---- Information given
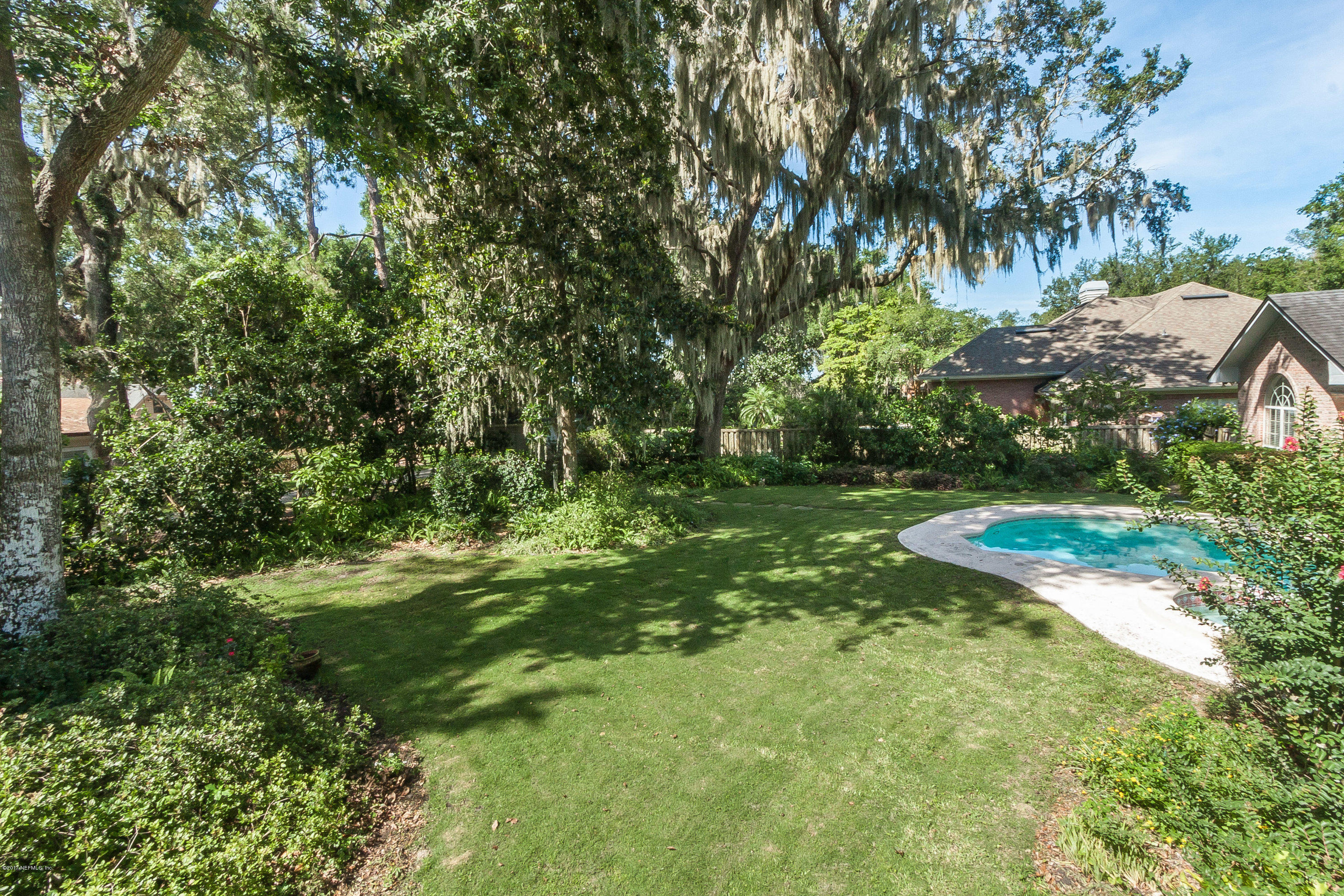 2720 Beauclerc Road Jacksonville, FL 32257 - Photo 42 of 45 a backyard of a house with lots of green space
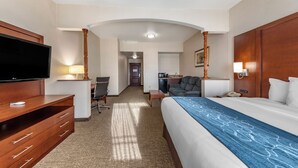 A hotel room with a large bed, a TV, a desk, and a kitchenette. - Citrus Suites Redlands Loma Linda Hotel (Redlands)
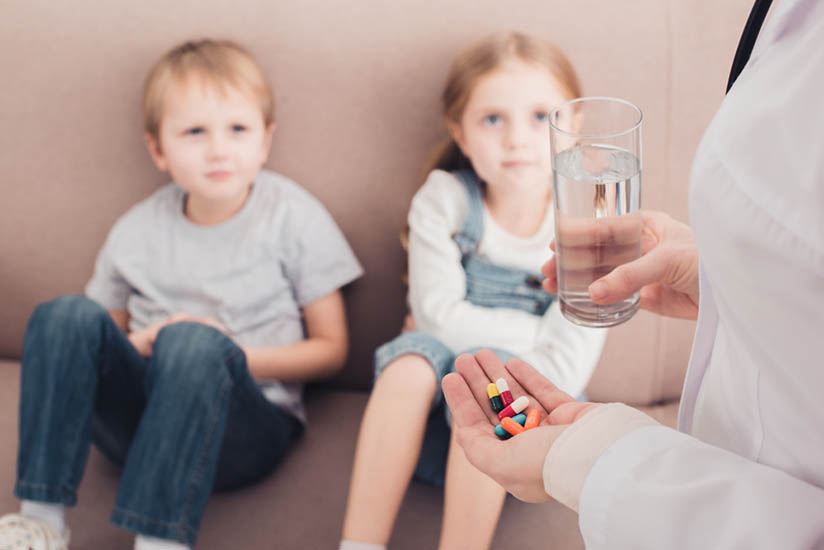 A boy and a girl, about 5 years old, sit on a couch, slightly out of focus. On the right, two hands enter frame: one holds a tall glass full of water; the other holds a bunch of colorful pills.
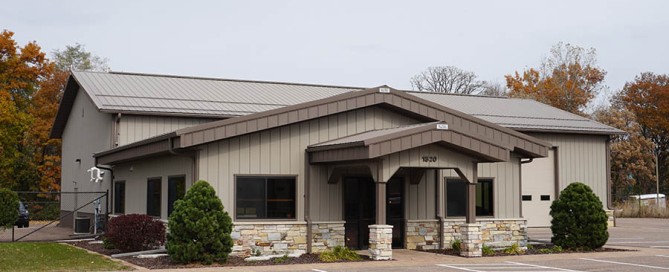 Post-frame contractor building with steel siding, front office space, and rear warehouse area.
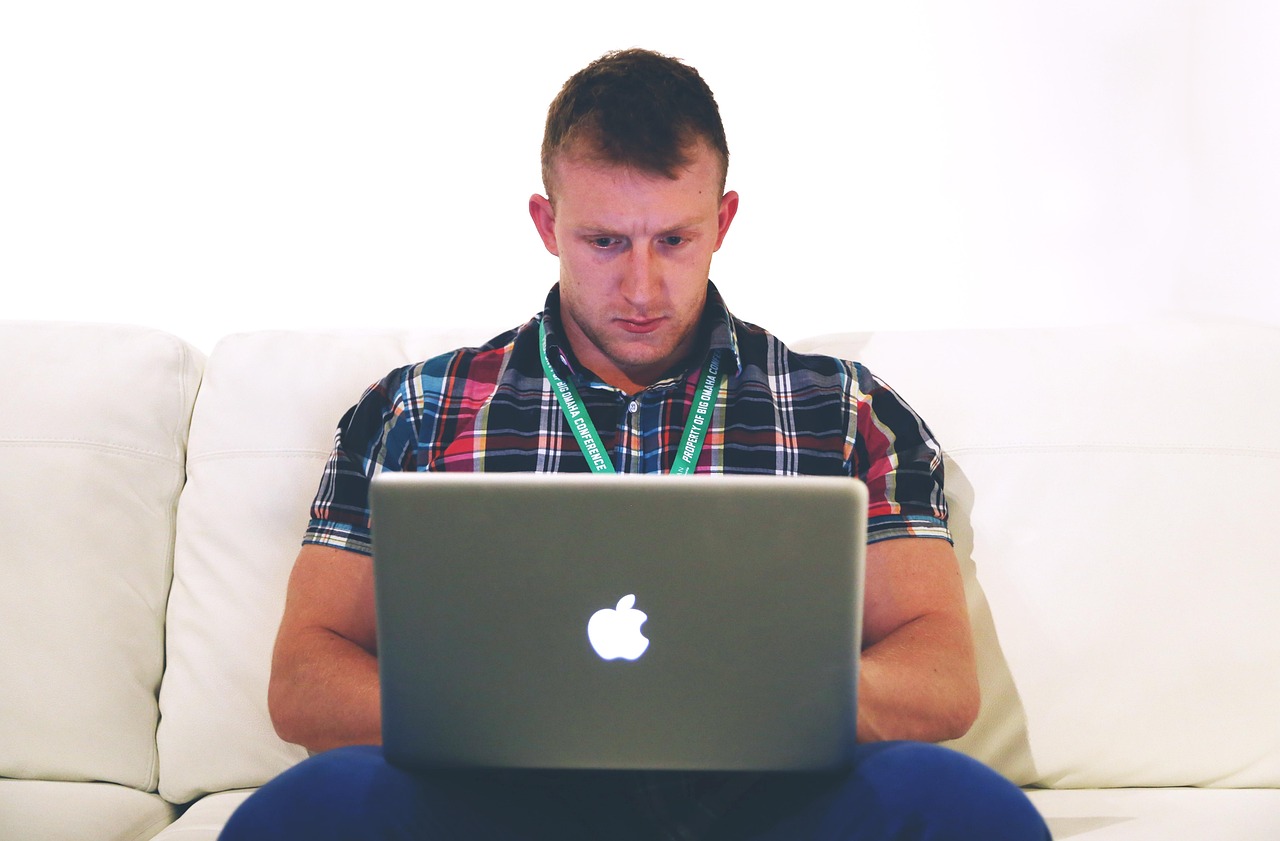Man werkt geconcentreerd op laptop aan bureau thuis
--------
Your task
Exactly restate the lines from the beginning of the data through the line with "Post-frame contractor building", and no others, keeping pictures out.

Answer space
 2720 Beauclerc Road Jacksonville, FL 32257 - Photo 42 of 45 a backyard of a house with lots of green space
 A hotel room with a large bed, a TV, a desk, and a kitchenette. - Citrus Suites Redlands Loma Linda Hotel (Redlands)
 A boy and a girl, about 5 years old, sit on a couch, slightly out of focus. On the right, two hands enter frame: one holds a tall glass full of water; the other holds a bunch of colorful pills.
 Post-frame contractor building with steel siding, front office space, and rear warehouse area.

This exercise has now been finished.